5 ways inflation could affect your paycheck next year

Many Americans are expecting wage gains to offset the most inflation in 40 years, but there are a number of factors that could affect your take-home pay in 2023. And because inflation is rising so rapidly, the IRS and other agencies are changing many rules for increasing prices.

For example, the tax agency said on Tuesday It’s raising its 2023 tax bracket Up to 7% due to inflation, a move designed to avoid “bracket creep”—when people are pushed into higher tax rates due to cost-of-life wage adjustments even though their standard of living hasn’t changed. The IRS is also increasing the standard deduction by the same percentage, which will benefit most taxpayers who use this tax break.

Tim Stephen, director of tax planning with Baird, said in an email, “Inflation adjustments in tax brackets mean that it will be harder for taxpayers to hit those higher brackets, and so will be taxed more income at lower rates next year.” ”

The interplay of these changes is complex, but the result is that low- and middle-income taxpayers may be able to deduct their taxes. The outlook for high-income workers is more complicated because of the inflation-adjusted increase in the Social Security taxes threshold.

Below are five inflation-related changes that could affect your paycheck next year.

An Annual Increase – Good But Maybe Not Enough

According to a recent survey by, for 2023, employers are planning to offer their employees an annual increase of 4%. This is roughly in line with the average pay bump employees received in 2022.

The problem is that this year inflation is running at almost twice that rate with prices rising 8.2% A year ago in September. Federal Reserve economists expect inflation to subside later this year and into 2023, although the central bank was criticized last year for a sharp rise in prices.Evanescent.,

If the Fed is correct in predicting that inflation will fall to 2.8% next year, it will restore some purchasing power to consumers in 2023. However, so far inflation remains stubborn.

more generous tax bracket

As noted above, the IRS is increasing its taxable income limits for its seven tax brackets, ranging from 10% to a top rate of 37%. The higher limit may result in tax savings for some people, with Stephan of Baird estimating that a married couple earning $200,000 in both 2022 and 2023 could save $900 in taxes the following year.

You can find new tax brackets Here,

Higher Retirement Contribution Limit

The IRS said on Friday that it is raising the contribution limit by 2023 A record $2,000 due to inflation for a 401(k) plan, which will allow workers to save more money in 2023.

The agency said individuals will be able to save up to $22,500 in their 401(k) next year, an increase of about 10% from the current year’s limit of $20,500. The new limit also applies to other types of defined contribution plans, including 403(b), most 457 plans, and the federal government’s thrift savings plan.

This is the largest inflation adjustment since 401(k) plans began indexing for inflation in 2007. Typically, the IRS has either raised the contribution limit to $500 per year or kept it at the same level since the plans began increasing costs. 15 years ago.

The IRS said the contribution limit for IRAs will increase to $6,500 next year, an 8.3% increase from the 2022 $6,000 limit.

However, the catch-up contribution for people over age 50 will remain at $1,000, as this rule is not subject to annual adjustments for inflation, the agency said.

raising the social security tax limit

The Social Security Administration taxes wages to fund the program, but it caps the amount of personal income that can be taxed within a calendar year. This range changes every year to align with the National Average Wage Index.

Due to inflation, the taxable maximum will increase to $160,200, an increase of approximately 9% from the current limit of $147,000. That means higher earners will pay a Social Security tax of 6.2% on that additional $13,200 of income next year.

“The increase in the Social Security pay base would work against taxpayers, however, their higher wages would be subject to a 6.2% tax,” Stephen said. “For someone whose income exceeds that limit next year, it will feel like a tax increase of over $800.”

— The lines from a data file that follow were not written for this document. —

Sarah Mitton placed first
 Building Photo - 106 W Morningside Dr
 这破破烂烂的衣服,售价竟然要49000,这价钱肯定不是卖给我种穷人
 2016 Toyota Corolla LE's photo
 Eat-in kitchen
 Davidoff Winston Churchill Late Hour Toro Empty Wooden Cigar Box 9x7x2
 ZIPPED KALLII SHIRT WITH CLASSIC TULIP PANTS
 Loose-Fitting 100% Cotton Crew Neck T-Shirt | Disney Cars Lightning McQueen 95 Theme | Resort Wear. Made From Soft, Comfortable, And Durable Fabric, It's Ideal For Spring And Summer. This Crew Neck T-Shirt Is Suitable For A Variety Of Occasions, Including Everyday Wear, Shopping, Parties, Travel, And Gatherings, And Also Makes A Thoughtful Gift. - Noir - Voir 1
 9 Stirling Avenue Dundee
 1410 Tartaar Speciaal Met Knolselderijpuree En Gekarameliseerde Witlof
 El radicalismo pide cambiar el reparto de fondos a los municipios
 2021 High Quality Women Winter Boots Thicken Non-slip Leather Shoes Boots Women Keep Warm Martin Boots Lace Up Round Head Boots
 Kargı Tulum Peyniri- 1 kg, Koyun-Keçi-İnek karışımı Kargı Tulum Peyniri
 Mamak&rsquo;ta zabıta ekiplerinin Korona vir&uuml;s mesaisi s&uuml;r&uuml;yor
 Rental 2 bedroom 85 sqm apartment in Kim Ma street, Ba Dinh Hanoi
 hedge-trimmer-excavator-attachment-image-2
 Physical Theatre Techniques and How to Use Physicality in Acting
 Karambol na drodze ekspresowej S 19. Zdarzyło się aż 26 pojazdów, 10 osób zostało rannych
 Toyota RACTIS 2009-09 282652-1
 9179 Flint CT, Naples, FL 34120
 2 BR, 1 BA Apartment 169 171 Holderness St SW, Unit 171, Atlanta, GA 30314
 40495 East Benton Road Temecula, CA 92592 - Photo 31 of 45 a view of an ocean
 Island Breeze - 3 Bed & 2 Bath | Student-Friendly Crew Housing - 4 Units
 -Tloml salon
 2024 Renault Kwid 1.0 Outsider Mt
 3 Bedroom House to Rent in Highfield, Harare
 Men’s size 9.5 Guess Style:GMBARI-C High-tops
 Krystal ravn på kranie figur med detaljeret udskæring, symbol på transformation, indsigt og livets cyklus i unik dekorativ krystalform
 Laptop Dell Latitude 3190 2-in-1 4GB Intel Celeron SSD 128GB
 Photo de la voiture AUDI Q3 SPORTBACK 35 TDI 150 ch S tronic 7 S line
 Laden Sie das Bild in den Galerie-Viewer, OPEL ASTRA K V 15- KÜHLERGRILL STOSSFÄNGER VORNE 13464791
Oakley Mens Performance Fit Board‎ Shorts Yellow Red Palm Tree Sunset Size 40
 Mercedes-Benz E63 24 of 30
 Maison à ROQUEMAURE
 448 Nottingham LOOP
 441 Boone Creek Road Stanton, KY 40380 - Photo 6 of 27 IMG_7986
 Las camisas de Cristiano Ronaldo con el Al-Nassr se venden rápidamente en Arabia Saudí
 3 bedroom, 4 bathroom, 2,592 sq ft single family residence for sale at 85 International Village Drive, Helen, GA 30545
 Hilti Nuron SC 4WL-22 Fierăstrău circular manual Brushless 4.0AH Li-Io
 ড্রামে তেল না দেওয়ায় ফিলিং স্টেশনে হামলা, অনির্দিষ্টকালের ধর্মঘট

setting aside more pre-tax dollars for health care

Workers who have access to flexible spending accounts and health savings accounts can set aside more pre-tax dollars Due to inflation adjustments next year.

In 2023, employees can withdraw as much as $3,050 in an FSA, a an increase of about 7% From the limit of $2,850 for the current tax year. Meanwhile, single workers who want to fund an HSA can save up to $3,850 next year, a 5.5% increase from 2022, while families can save up to $7,750 by 6.2%.

This can give you more tax savings, although the money you set aside must be used for health care expenses.